--- Activity ---
All of the data below must be reproduced word for word, but without its images.

--- Exercise inputs ---
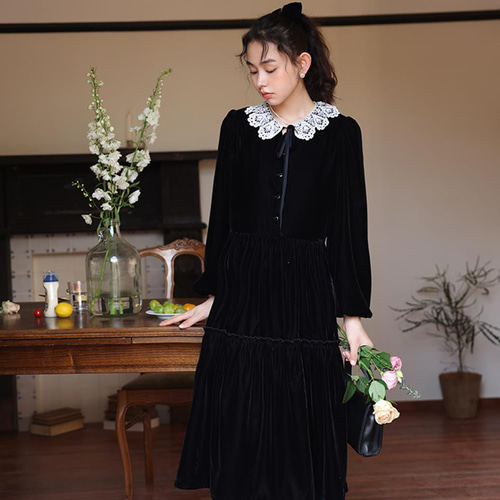 フェミニンなレース襟ワンピース ハイウェストワンピース ロングワンピ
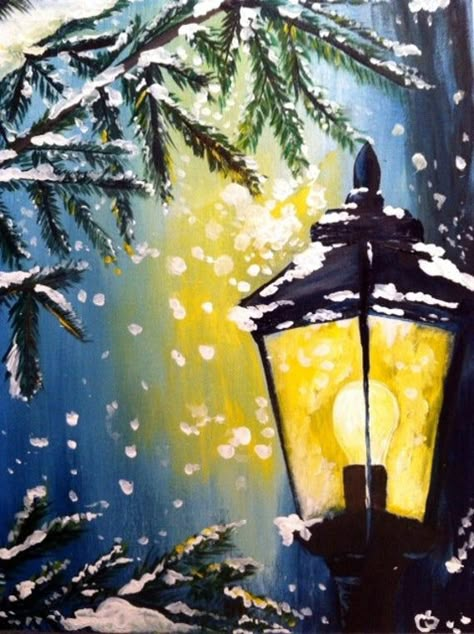 Canvas Art Inspiration, Peisaj Abstract, Winter Paintings, Christmas Canvas Art, Christmas Paintings On Canvas, Paint Nite, Holiday Painting, Winter Painting, Christmas Painting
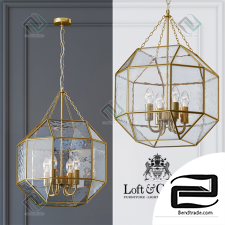 Hanging Lamp Glass & Metal Cage Pendant Gold 4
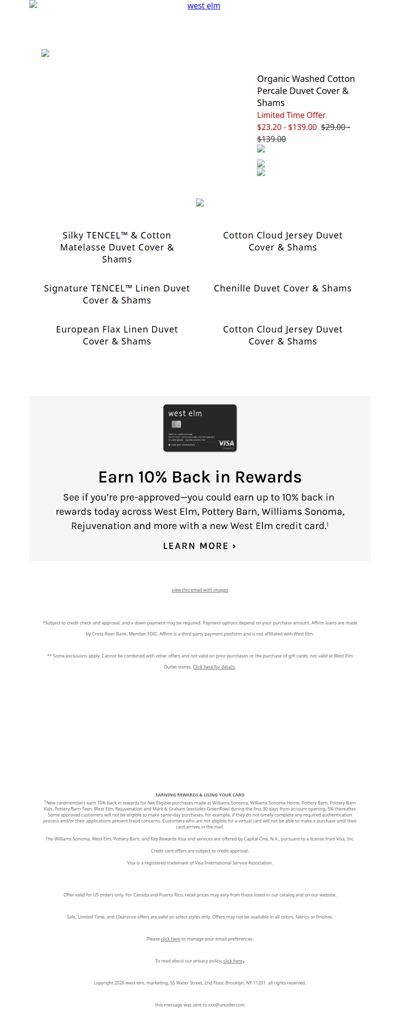 The Organic Washed Cotton Percale Duvet Cover & Shams you loved is now on sale! + Up to 60% off the Winter Sale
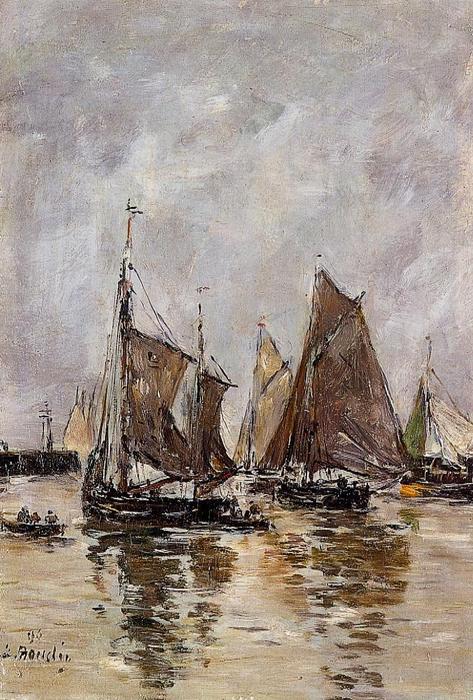 Trouville, Sardine Boats Getting Underway — Eugène Louis Boudin
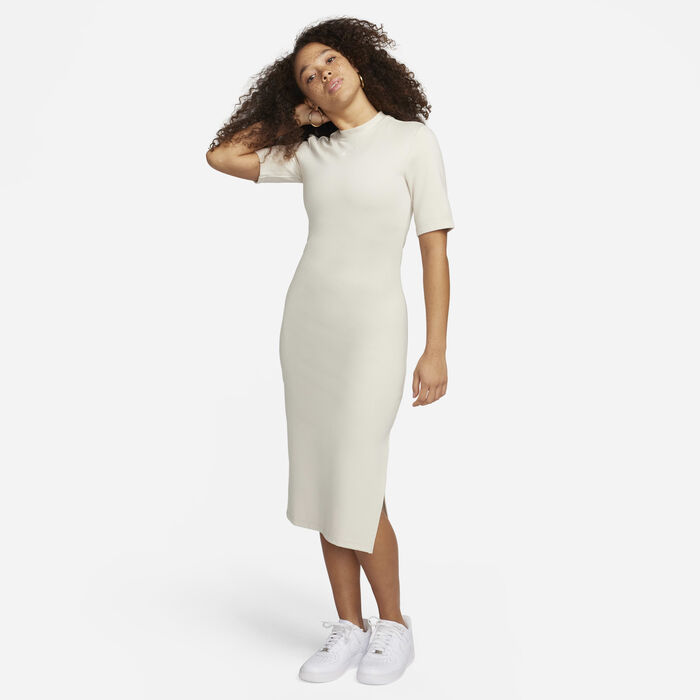 Nike Women's Sportswear Essential Midi Dress Ivory image number 0
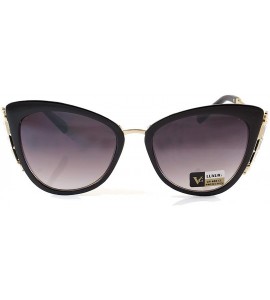 Oversized Side Rhinestone Pearl Metal Iced-Out Jewel Temple Cat-Eye Sunglasses A229 - Black Black - CX18HYZ3CUL $25.35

--- Solution to the problem ---
 フェミニンなレース襟ワンピース ハイウェストワンピース ロングワンピ
 Canvas Art Inspiration, Peisaj Abstract, Winter Paintings, Christmas Canvas Art, Christmas Paintings On Canvas, Paint Nite, Holiday Painting, Winter Painting, Christmas Painting
 Hanging Lamp Glass & Metal Cage Pendant Gold 4
 The Organic Washed Cotton Percale Duvet Cover & Shams you loved is now on sale! + Up to 60% off the Winter Sale
 Trouville, Sardine Boats Getting Underway — Eugène Louis Boudin
 Nike Women's Sportswear Essential Midi Dress Ivory image number 0
 Oversized Side Rhinestone Pearl Metal Iced-Out Jewel Temple Cat-Eye Sunglasses A229 - Black Black - CX18HYZ3CUL $25.35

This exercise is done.